### Activity
Find "Nudino accovacciato (scultura in bronzo)" in the material, then return exactly the line containing it and all lines after it to the end, leaving out pictures.

### Collected data
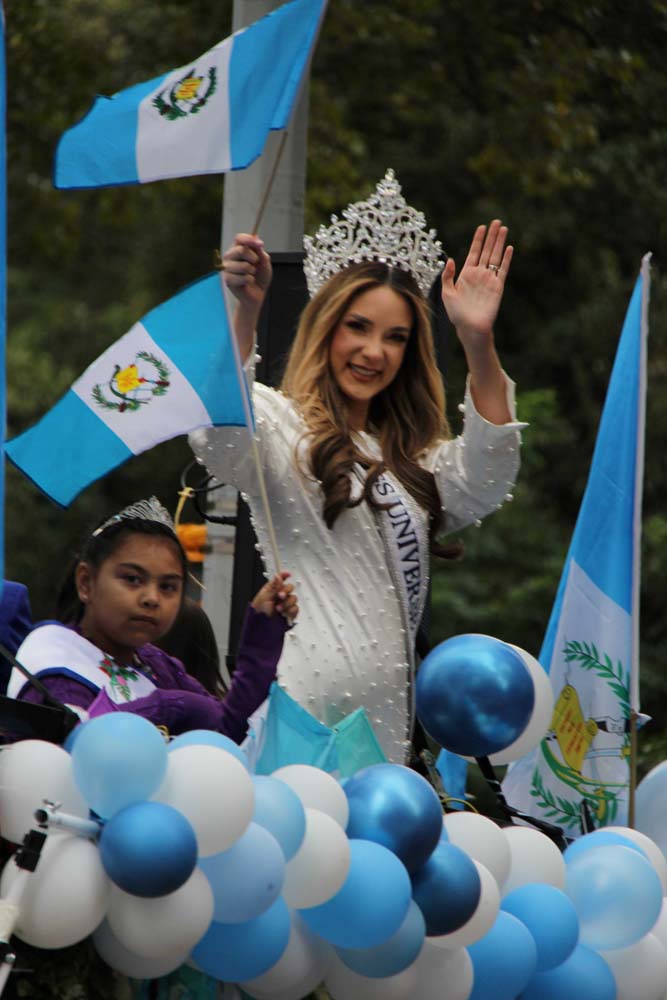 Una amplia presencia de organizaciones y agrupaciones guatemaltecas de Nueva York participaron en el Desfile de la Hispanidad 2023, demostrando gran sentido patri&oacute;tico y orgullo de sus ra&iacute;ces.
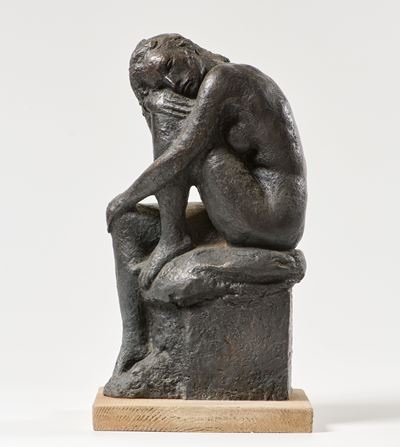 Nudino accovacciato (scultura in bronzo)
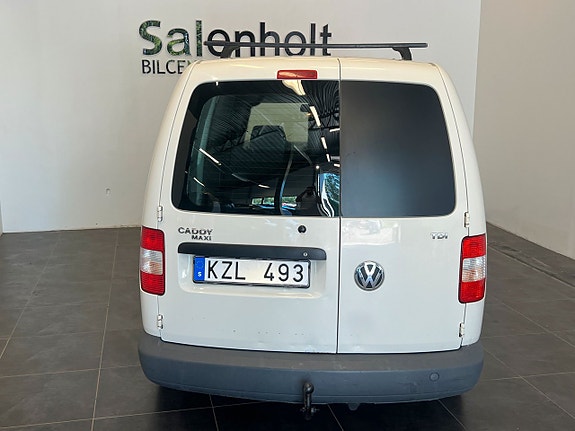 Volkswagen Caddy Maxi 16 of 18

### Final answer
 Nudino accovacciato (scultura in bronzo)
 Volkswagen Caddy Maxi 16 of 18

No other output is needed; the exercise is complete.